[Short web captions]
== Segment start ==
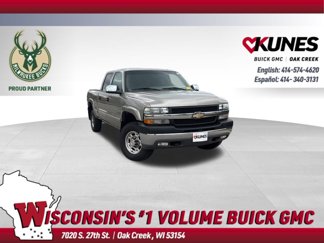 Used 2002 Chevrolet Silverado 2500 LT image 1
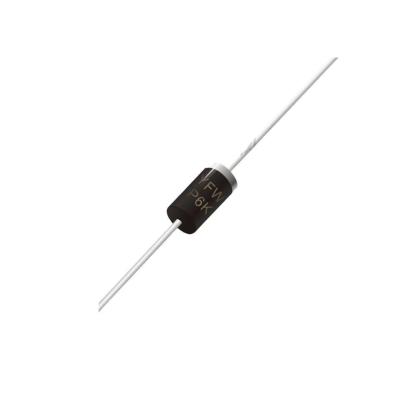 Китай Single/Bidirectional 1.5KE33A 1.5KE33CA DO-201AD TVS TVS Transient Suppression Diode IC продается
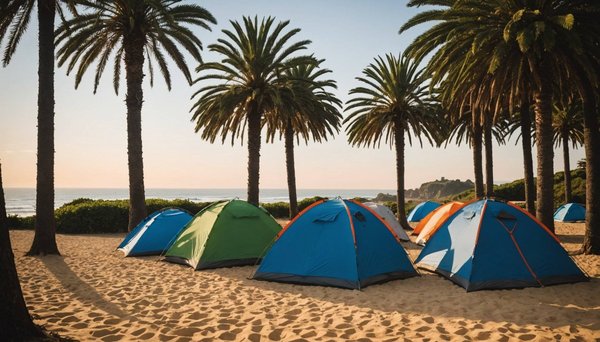 Découvrez le biarritz camping, un oasis 4 étoiles au bord de l'océan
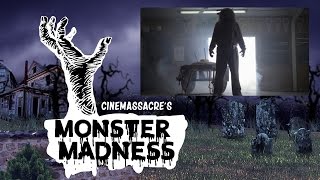 Lumberjack Man 2015 Monster Madness X movie review 24 [upl. by Akoyn]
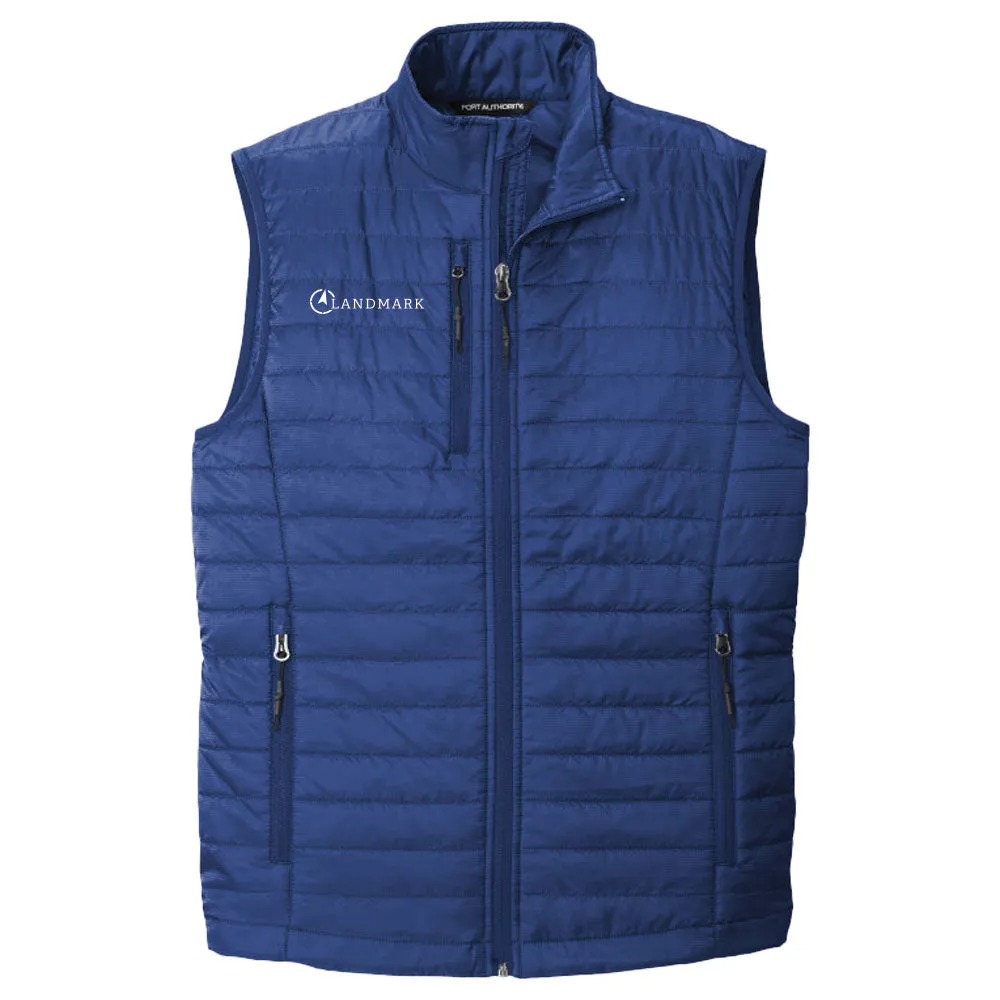 Landmark Men's Puffer Vest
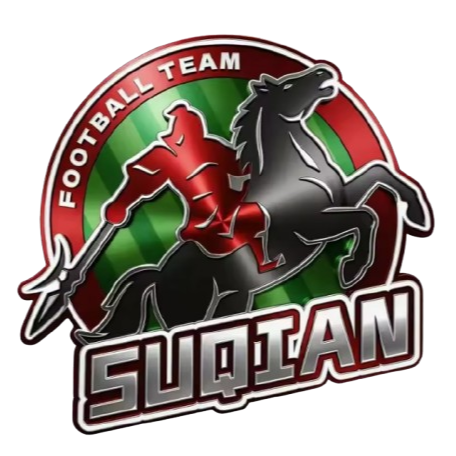 Suqian Team Logo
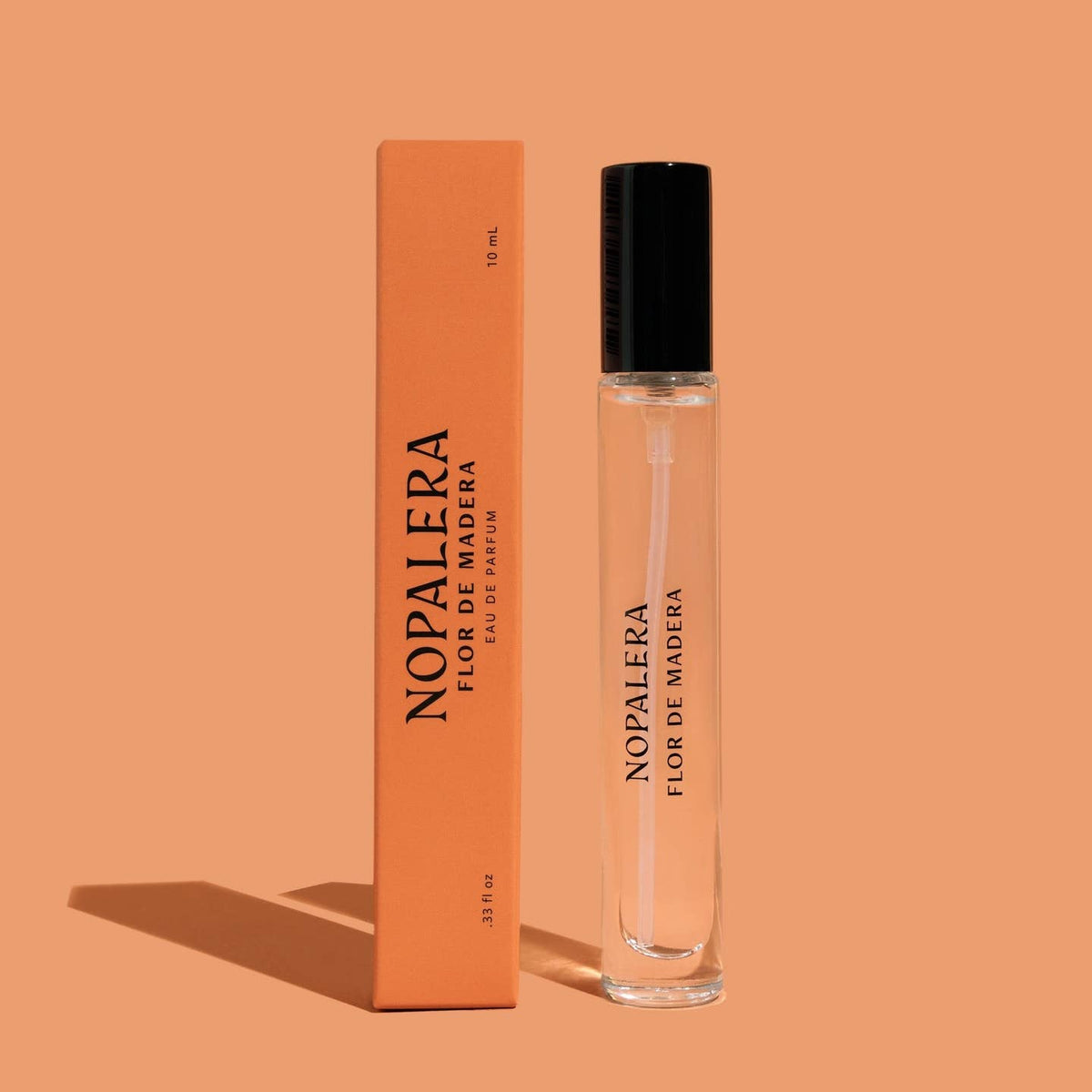 Nopalera Perfume Travel Spray Flor de Madera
== Segment end ==
• **Exercise directions**: Give the entries again word for word, but skip the pictures.

• **Result**:
 Used 2002 Chevrolet Silverado 2500 LT image 1
 Китай Single/Bidirectional 1.5KE33A 1.5KE33CA DO-201AD TVS TVS Transient Suppression Diode IC продается
 Découvrez le biarritz camping, un oasis 4 étoiles au bord de l'océan
 Lumberjack Man 2015 Monster Madness X movie review 24 [upl. by Akoyn]
 Landmark Men's Puffer Vest
 Suqian Team Logo
 Nopalera Perfume Travel Spray Flor de Madera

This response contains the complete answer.